* **WHAT IS NEEDED**
The copy must match the data below line for line and contain no images.

* **DATASET EXCERPT**
******
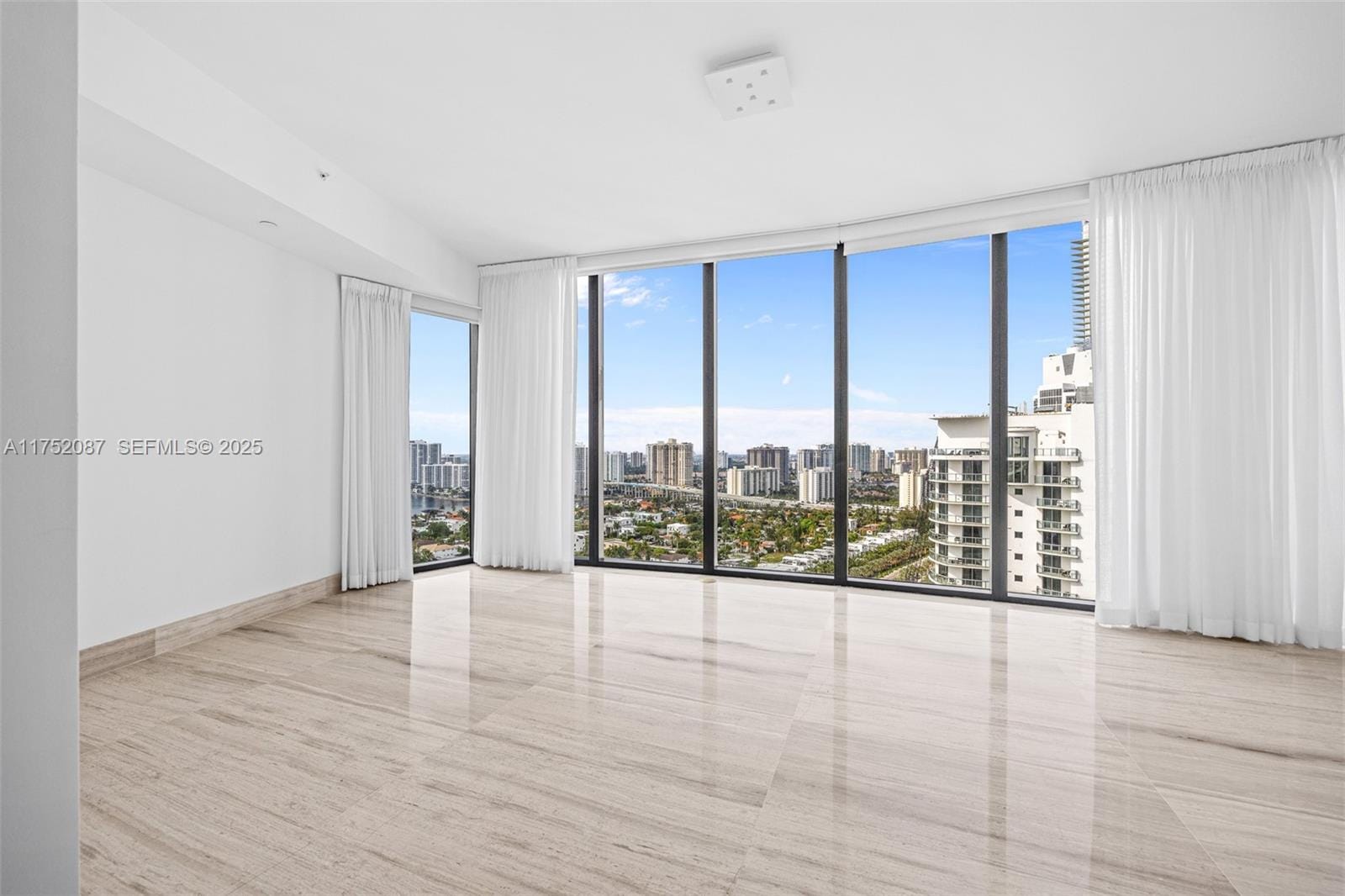 18555 Collins Avenue 2305, Sunny Isles Beach, FL 33160 photo 21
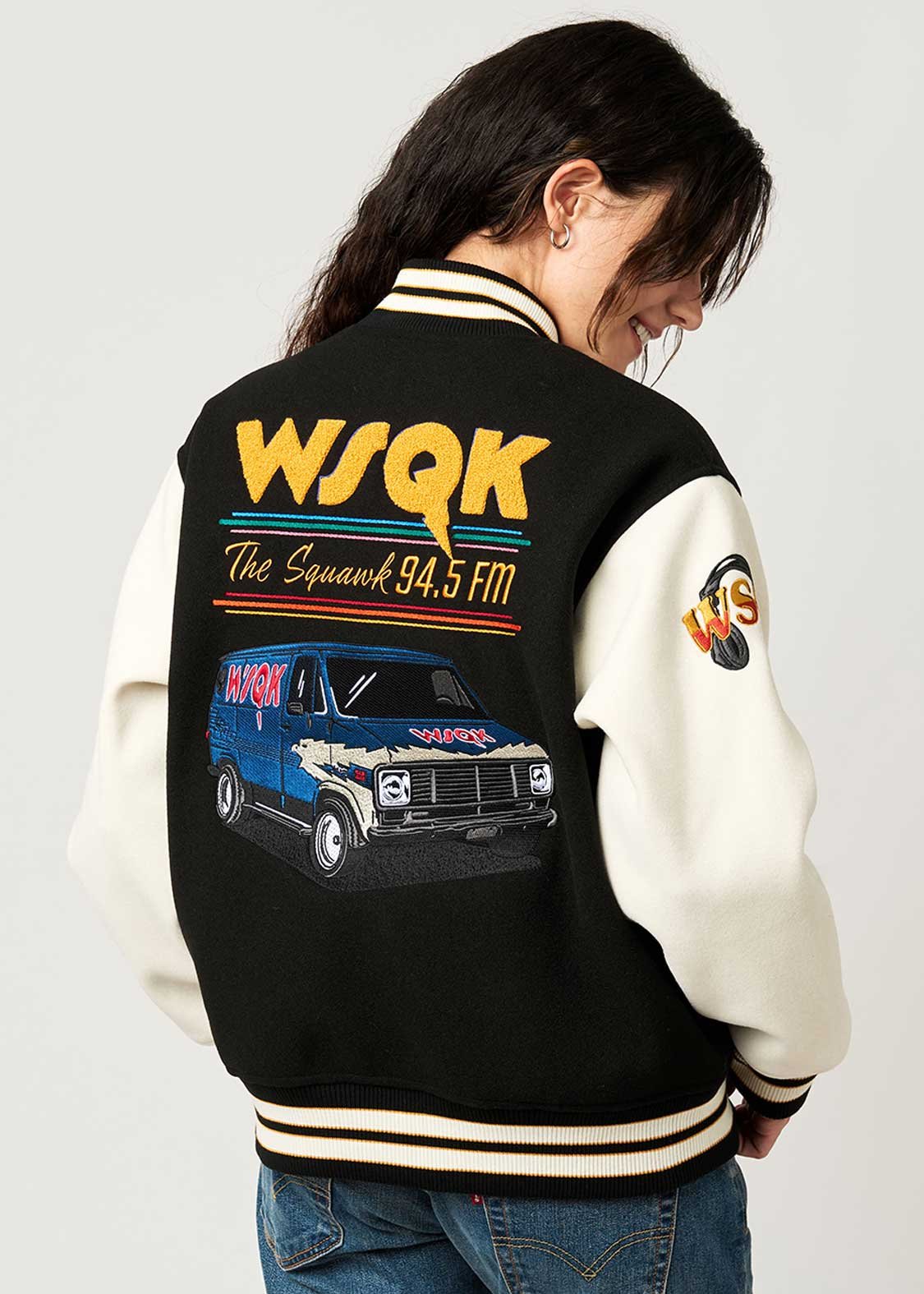 ストレンジャー・シングス 未知の世界｜ウィメンズアウター｜グラニフ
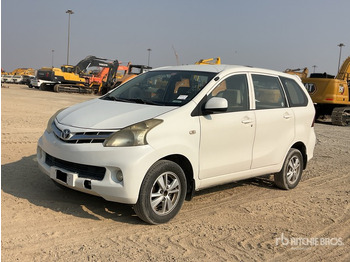 Легковий автомобіль TOYOTA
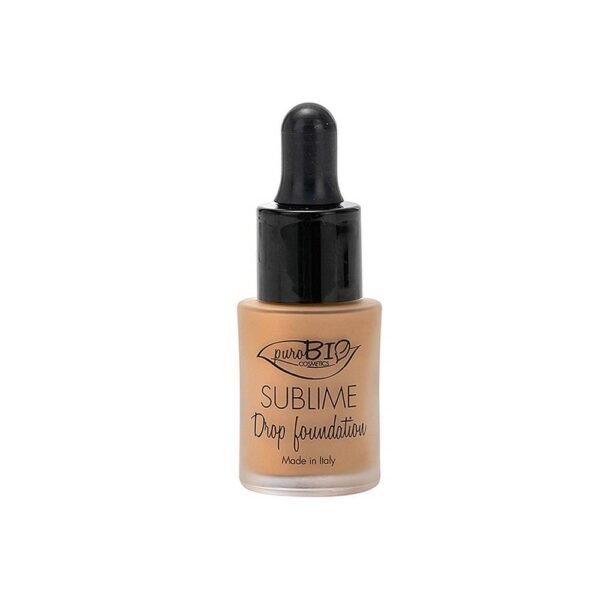 The practical drip-tip makeup combines light skin tone with a cool undertone and covers minor imperfections.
******
* **EXERCISE OUTPUT**
 18555 Collins Avenue 2305, Sunny Isles Beach, FL 33160 photo 21
 ストレンジャー・シングス 未知の世界｜ウィメンズアウター｜グラニフ
 Легковий автомобіль TOYOTA
 The practical drip-tip makeup combines light skin tone with a cool undertone and covers minor imperfections.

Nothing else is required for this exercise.